Rep. Paul Ryan, the speaker of the House, rightly says the obvious, that Donald Trump as the presumptive nominee must pull his party together for the long march to November. “At this point,” he says, “I think [Donald Trump] needs to do more to unify this party, to bring all the wings of this Republican Party together and then to go forward to appeal to all Americans in every walk of life, every background, a majority of independents and discerning Democrats.”

Not much to argue with there; the speaker employs all the cliches of focus-group marketing, but acts as if he doesn’t mean a word of it. That’s exactly the kind of talk that Mr. Trump’s 16 original opponents beat him over the head with, and with no success. Imperfect candidate though he may be, but Donald Trump understood that Republican voters want more than unctuous cliches this year.
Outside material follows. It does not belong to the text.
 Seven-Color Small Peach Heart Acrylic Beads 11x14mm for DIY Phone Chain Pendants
Jeb and Rubio and Ted and Scott, all the men (and Carly, too) who fell off their campaign wagons could have made the same points and in the same way, but they didn’t.
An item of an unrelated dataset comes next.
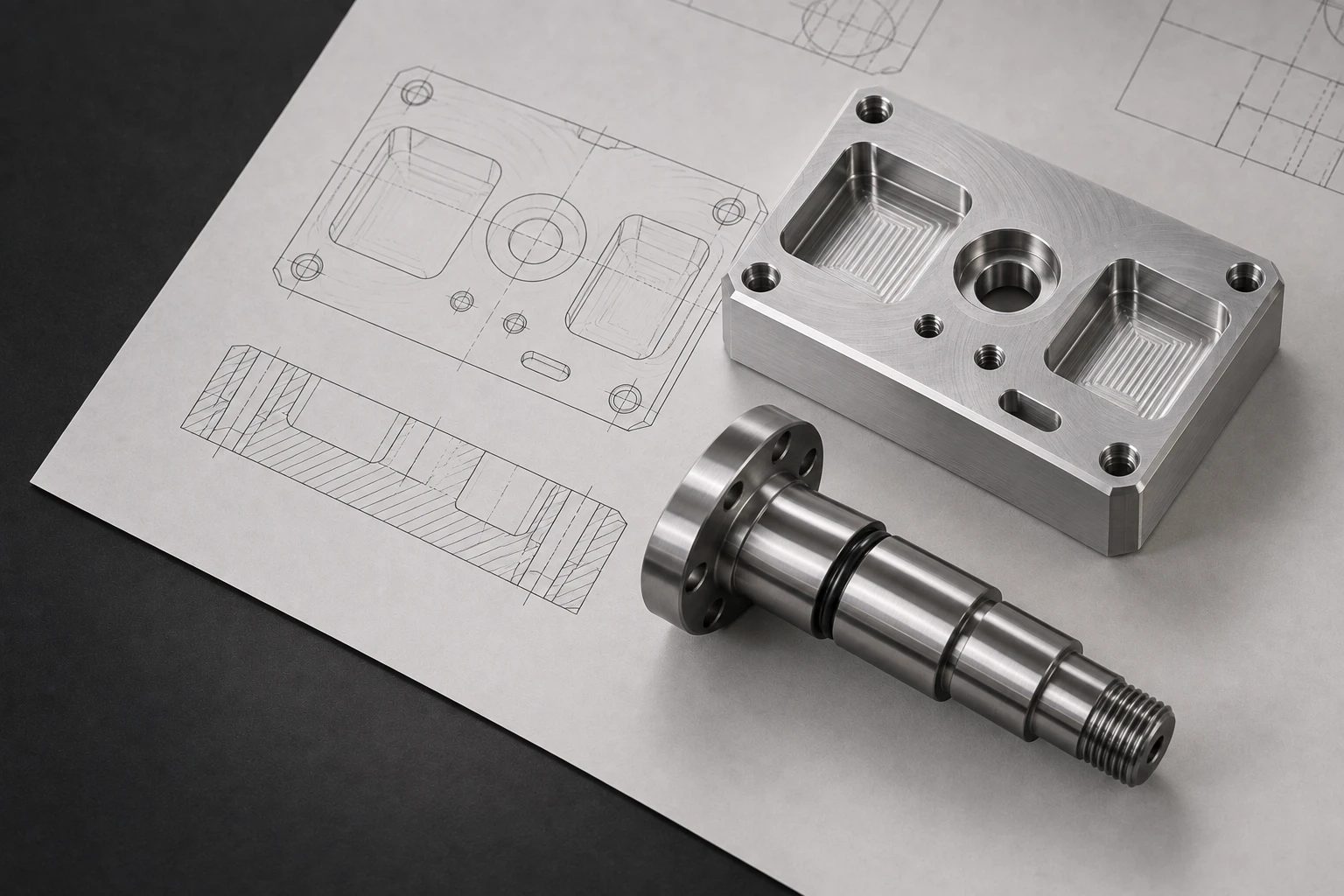Technical drawing with the machined aluminium housing and turned stainless steel shaft it describes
By withholding his endorsement until the Donald passes the speaker’s litmus tests, Mr. Ryan offers only a new definition of chutzpah: “You have to unify the party,” he tells Mr. Trump, “and my contribution in support is to continue to find nothing but fault in you.”

Mr. Ryan, who assumed the speakership with so much goodwill and armed with the high hopes of his party, has invited only disbelief and puzzlement from the mature party regulars who see as the first and most important task the prevention of Hillary Clinton becoming president. Mr. Ryan and the pouting elites get the full measure of scorn from Newt Gingrich, one of his predecessors as speaker.

“These pseudo-intellectual right-wingers who have made a living in Washington being brilliant while they alienated the entire American people are showing you by their hysteria the degree to which they are being repudiated,” he said at week’s end, “and they just don’t know what to do. They’re in a state of psychological hysteria that is really kind of amazing.”

He agrees that Donald Trump has a responsibility to unify the party, but he can’t do it with the jilted elites throwing sticks and stones from the sidelines. “He is the speaker of the House,” Mr. Gingrich says. “He has an obligation to unify the party, too. He has an obligation to reach out. Obviously he and Donald Trump are going to have disagreements. Some of them will work out and some of them won’t. That’s fine. Our Constitution provides that speakers and presidents can fight, but I think he sends the wrong signal and a signal which I think endangers the House Republicans and endangers the Senate Republicans. I much prefer what Mitch McConnell did and what John McCain did — they both said, ‘OK, game over. We have a nominee, and I’m for him.’”

This is the plain talk the party elites must hear unless they want the disaster their pout invites. They should remember Adlai Stevenson’s benediction to his losing campaign to Dwight D. Eisenhower in 1952: “It hurts too much to laugh, and I’m too big to cry.” Something like that is what grown-ups are expected to say.